=== Available data ===
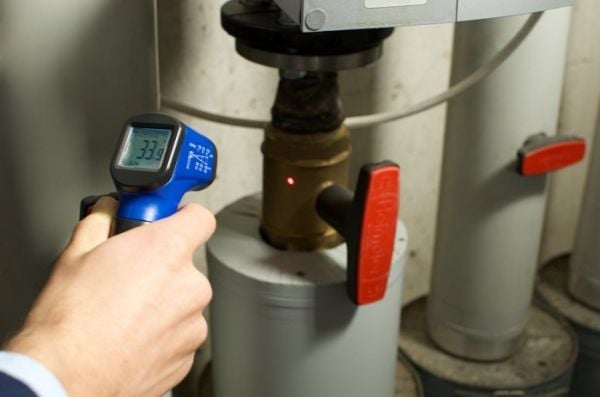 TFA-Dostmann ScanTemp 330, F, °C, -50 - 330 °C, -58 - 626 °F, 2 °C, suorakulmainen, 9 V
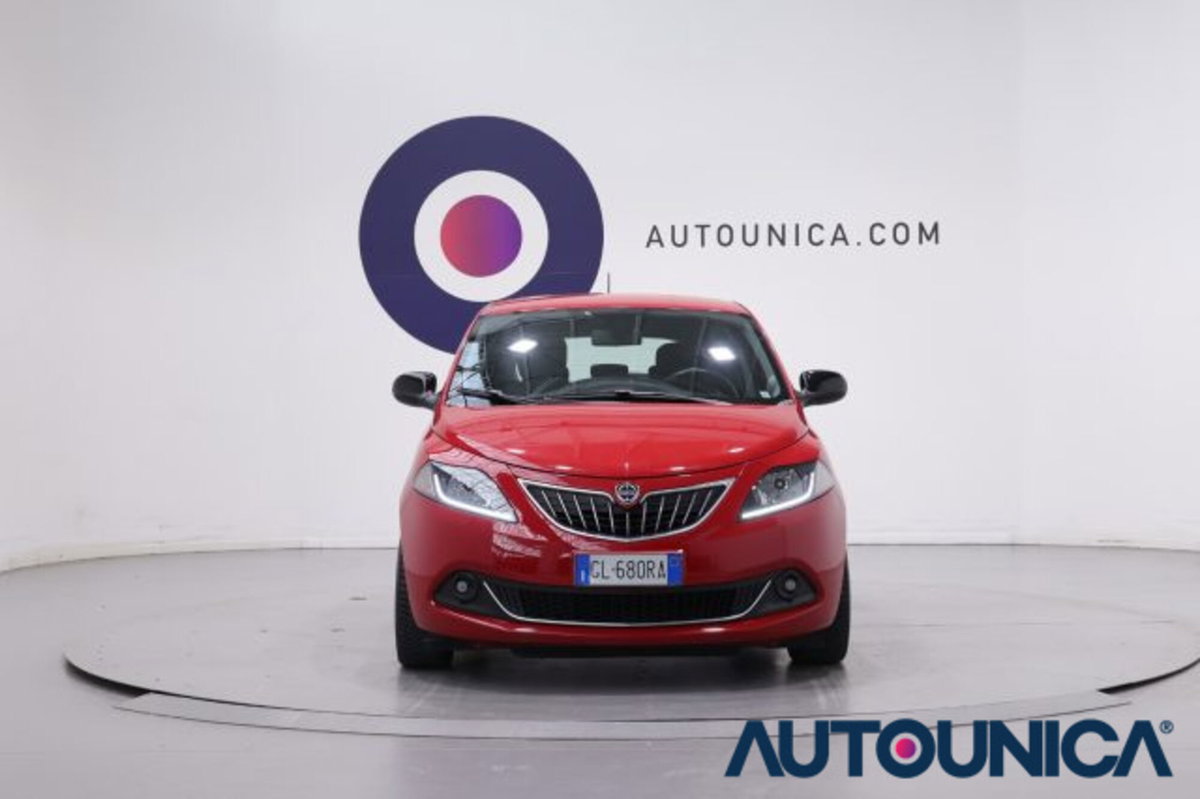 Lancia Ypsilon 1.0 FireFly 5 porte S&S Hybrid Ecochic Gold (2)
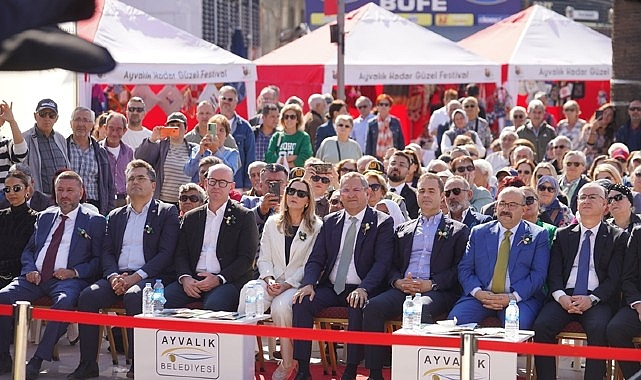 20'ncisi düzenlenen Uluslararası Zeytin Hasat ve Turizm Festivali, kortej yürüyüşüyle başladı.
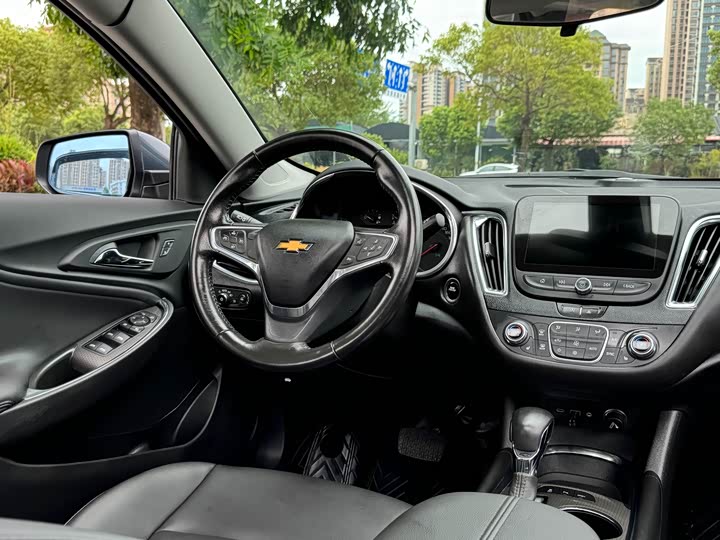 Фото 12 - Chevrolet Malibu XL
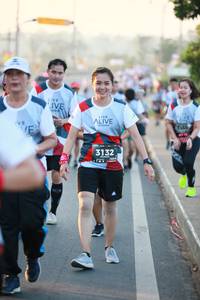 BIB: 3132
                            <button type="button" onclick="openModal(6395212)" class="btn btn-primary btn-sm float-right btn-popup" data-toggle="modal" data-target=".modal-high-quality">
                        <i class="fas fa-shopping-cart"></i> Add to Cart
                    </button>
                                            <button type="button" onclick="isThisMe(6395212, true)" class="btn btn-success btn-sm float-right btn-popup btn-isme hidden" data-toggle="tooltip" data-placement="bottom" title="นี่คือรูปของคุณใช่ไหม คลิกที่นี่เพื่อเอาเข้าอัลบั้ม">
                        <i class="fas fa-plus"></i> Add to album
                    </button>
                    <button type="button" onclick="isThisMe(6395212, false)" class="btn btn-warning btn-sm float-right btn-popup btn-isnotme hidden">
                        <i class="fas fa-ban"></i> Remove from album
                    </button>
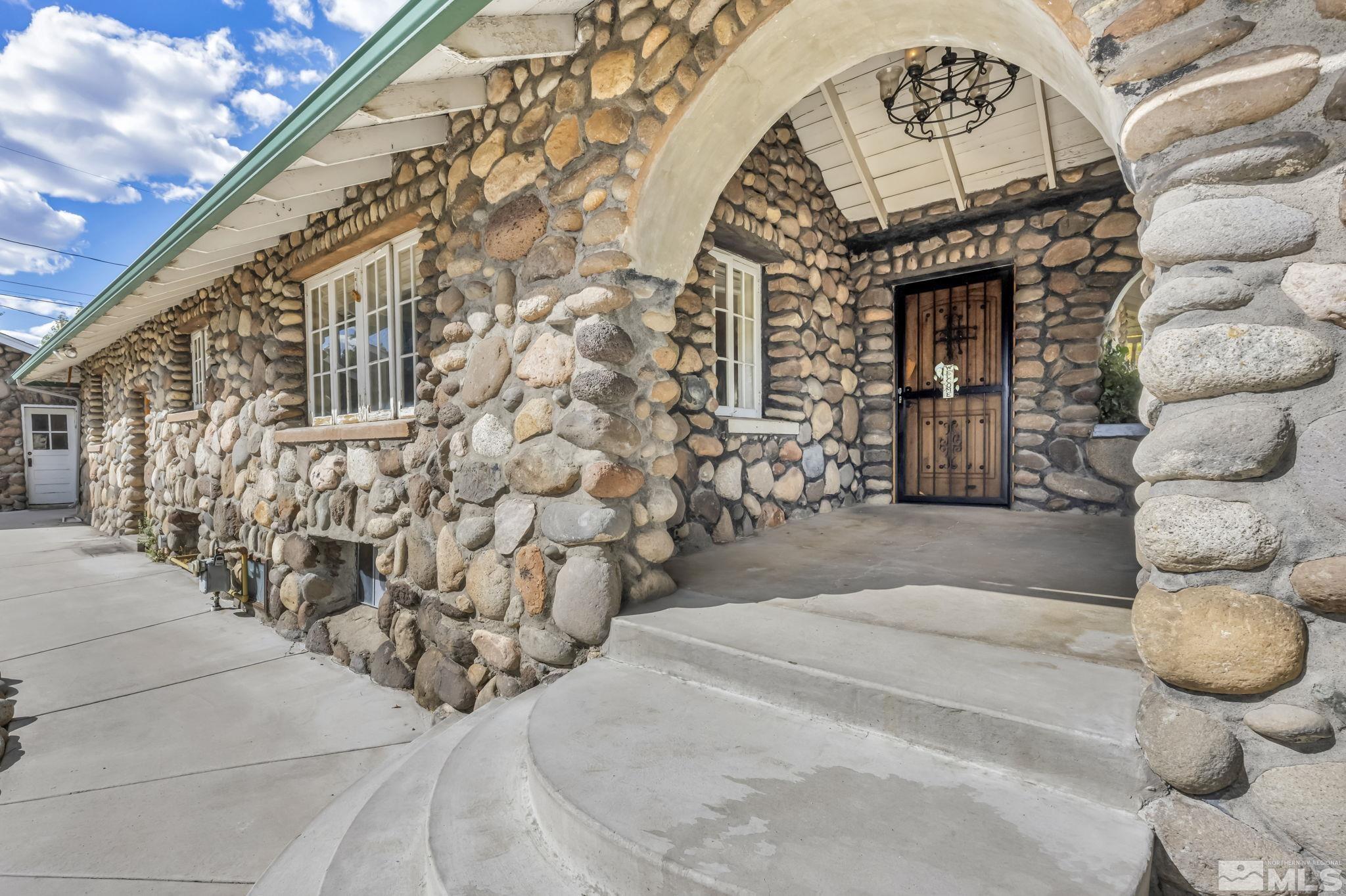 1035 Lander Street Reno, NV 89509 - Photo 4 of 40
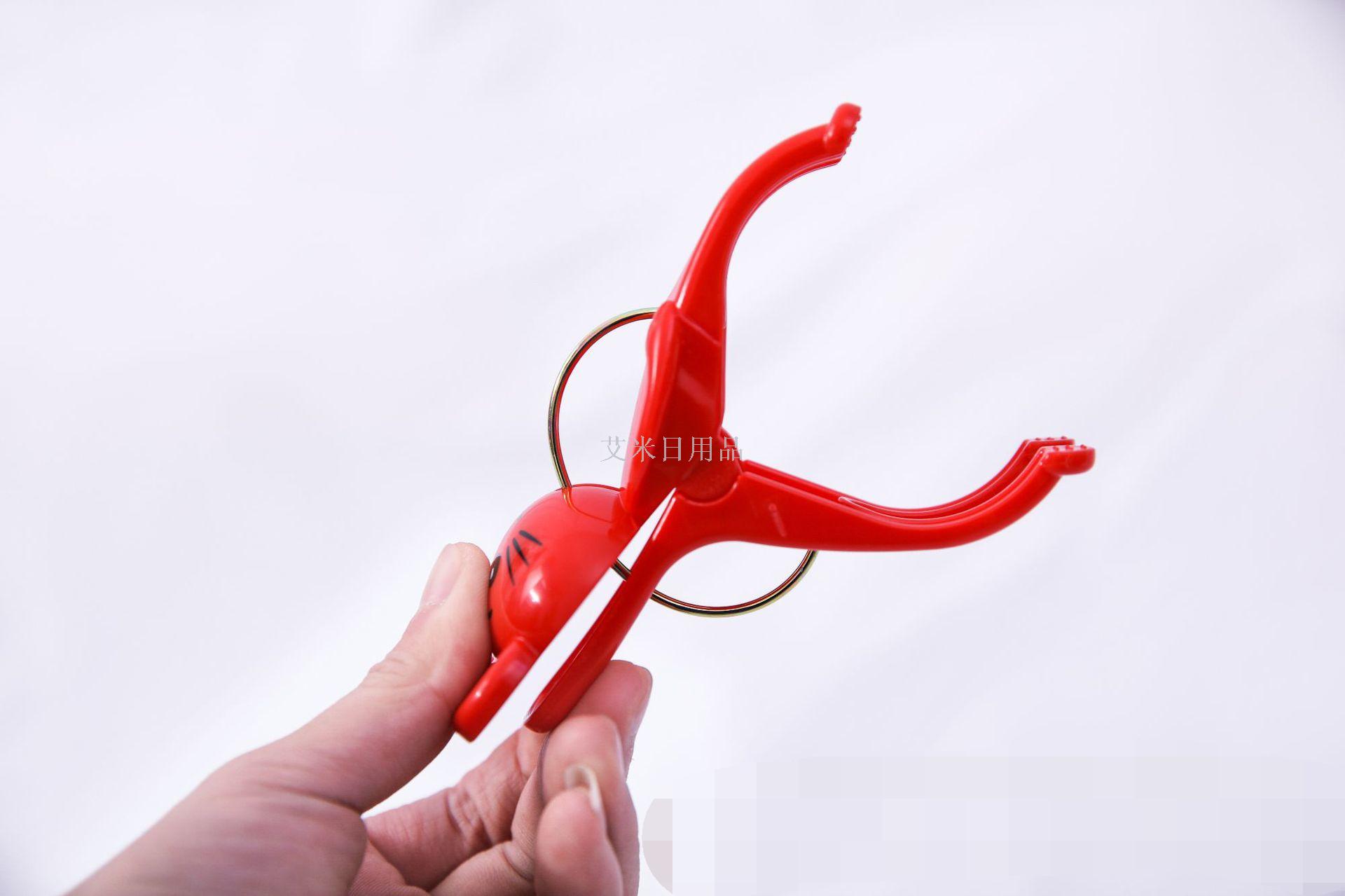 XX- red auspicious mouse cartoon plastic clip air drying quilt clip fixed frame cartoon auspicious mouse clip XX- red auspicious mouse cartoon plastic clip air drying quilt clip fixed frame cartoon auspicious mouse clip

=== Prompt ===
The records must appear again word for word, though none of their pictures should.

=== Exercise result ===
 TFA-Dostmann ScanTemp 330, F, °C, -50 - 330 °C, -58 - 626 °F, 2 °C, suorakulmainen, 9 V
 Lancia Ypsilon 1.0 FireFly 5 porte S&S Hybrid Ecochic Gold (2)
 20'ncisi düzenlenen Uluslararası Zeytin Hasat ve Turizm Festivali, kortej yürüyüşüyle başladı.
 Фото 12 - Chevrolet Malibu XL
 BIB: 3132
                            <button type="button" onclick="openModal(6395212)" class="btn btn-primary btn-sm float-right btn-popup" data-toggle="modal" data-target=".modal-high-quality">
                        <i class="fas fa-shopping-cart"></i> Add to Cart
                    </button>
                                            <button type="button" onclick="isThisMe(6395212, true)" class="btn btn-success btn-sm float-right btn-popup btn-isme hidden" data-toggle="tooltip" data-placement="bottom" title="นี่คือรูปของคุณใช่ไหม คลิกที่นี่เพื่อเอาเข้าอัลบั้ม">
                        <i class="fas fa-plus"></i> Add to album
                    </button>
                    <button type="button" onclick="isThisMe(6395212, false)" class="btn btn-warning btn-sm float-right btn-popup btn-isnotme hidden">
                        <i class="fas fa-ban"></i> Remove from album
                    </button>
 1035 Lander Street Reno, NV 89509 - Photo 4 of 40
 XX- red auspicious mouse cartoon plastic clip air drying quilt clip fixed frame cartoon auspicious mouse clip XX- red auspicious mouse cartoon plastic clip air drying quilt clip fixed frame cartoon auspicious mouse clip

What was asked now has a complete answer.